Let's hear the whole thing...Thinking of buying one but would like some input before I take the plunge...Never thought I would entertain the thought of "Set It and Forget It"


----------



## monty (Sep 17, 2006)

BTW, Great Avatar!

But to business..The GOSM must still be monitored for temp and such. But if it goes down all you do is turn up the throttle and do not have to mess around guessing if how much more wood is enough or is fifteen briquettes too much.

The GOSM big block has a great capacity and with its moveable shelves can accomodate just about any size piece of meat the average smoker will want to process.

I really enjoy mine and I highly recommend the GOSM. But be fair to yourself and investigate the other brands and types. This is not a life or death situation requiring an immediate decision.

So, go window shopping, play touchy feely with some of the display models, and if questions still linger post them!

Cheers!


----------



## Dutch (Sep 17, 2006)

cajun_1, Monty has given you some good advice. I too use the GOSM Big Block and love it. I still find myself looking at off set smokers and drawing plans for my own smoker-one day I'm going to become a stick burner but I'll always have my GOSM.


----------



## cajun_1 (Sep 17, 2006)

My main reason for asking about this unit, is because so many here seem to have one. That's 1 point.... If there are any bad points of this unit, by asking in this post, I shall be forewarned. That's another point...  Same with the good aspects of the unit.. Another point... Theres 3 points for this unit so far. When I do eyeball this unit..I will have some type of points to compare to other units that I maybe considering. Word of mouth is the best advertisement.......


----------



## monty (Sep 17, 2006)

Other than one or two being damaged when the box was opened I have not heard a bad or even less than good opinion of the GOSM Big Block Gasser. The only moan is that the Stainless Steel Double walled version is not currently available. (At about twice the price...but worth it!)

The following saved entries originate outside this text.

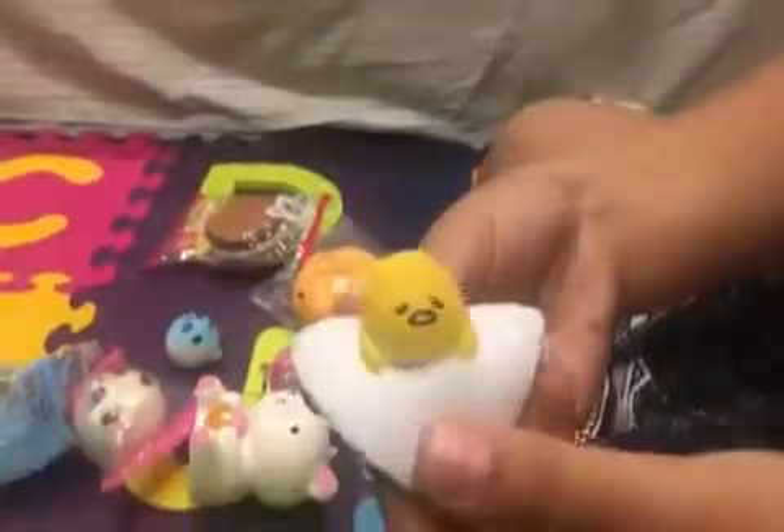My next squishy is this Giretama Squishy. It's not that slow rising and it has a lot of teeth that come inside, and it has a butt.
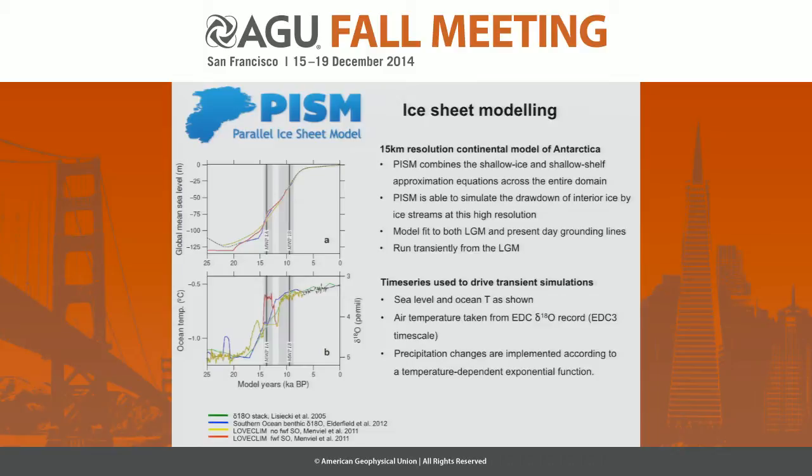We've generated a good fit with LGM extent and thickness of the ice sheet. It disagrees in some parts with the terrestrial record, but we've driven it with the lateral extents fitting the LGM offshore constraints. We run this transitory with different freshwater forcings: a classic DEL-18 stack, the Elderfield record with Southern Ocean benthic, and two records from Loveclim — a freshwater-forced record and a non-freshwater-forced record. The non-freshwater forced is quite steady through the transition, whereas the freshwater forced gives a remarkable spike at meltwater pulse 1A.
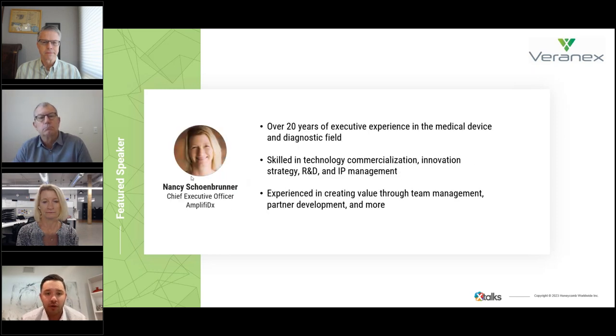Next, we have Nancy Schoenbruner. Nancy is the CEO of Amplify DX and has significant executive experience in the medical device and diagnostic field, including over 20 years at Roche Diagnostics and two years at Cypher Medicine. She is skilled in technology commercialization, innovation strategy, R&D and IP portfolios, and has a history of creating value through global team management, strategic alliances, and product innovation.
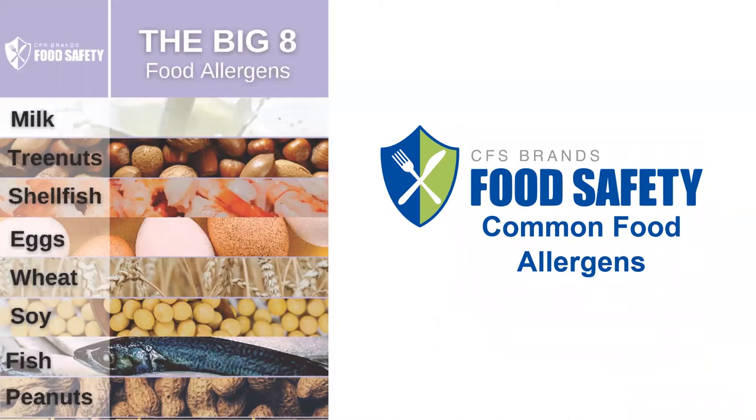While there are a lot of food allergens, the big eight are definitely ones to be looking out for. Those include milk, tree nuts, shellfish, eggs, wheat, soy, fish, and peanuts. These are the most common food allergens with the most severe allergic reactions, which is why they have been labeled the big eight. This is a downloadable PDF that will be made available to you on our website.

I bought mine through Home Depot. It is not a stock item there and only available online or via catalog order. BUT, hit a father's day sale, free shipping, abd I have not in the least regretted the purchase! Uh, yah, uh try to find a free shipping deal. That puppy has a ship weight of about 90 pounds!

But anyway I bought the thing upon the very good marks it received here on this forum.

Hope this helps!
Cheers!


----------



## cajun_1 (Sep 17, 2006)

Don't remember seeing one in my local HD, the reason , catalog/online only. According to Dutch, they're no longer availabe to his knowledge.


----------



## monty (Sep 17, 2006)

Only the Stainless Steel model is not available. The black single wall is very much alive and well. The Black model is about $189 and the SS model went for about $399. But the black model can be in your front yard five days after ordering it!
Cheers!


----------



## cajun_1 (Sep 17, 2006)

Single wall vs double wall...good grade of metal? It snows (hate that word) where I hail from, but love q'ing in the winter. Hunting season is almost on top of us. If my friends knew that I was looking into saugage making and a new smoker, they'd be ringing my phone at all hours....


----------



## monty (Sep 17, 2006)

Believe me! I know the feeling. Every year I make sausages, both link and bulk, for an ongoing hunter's breakfast which is a charity benefit! I am already being blessed with donated pork butts, venison, bear, rabbit and you name it. I provide the muscle, spices and other stuff. And I love doing it!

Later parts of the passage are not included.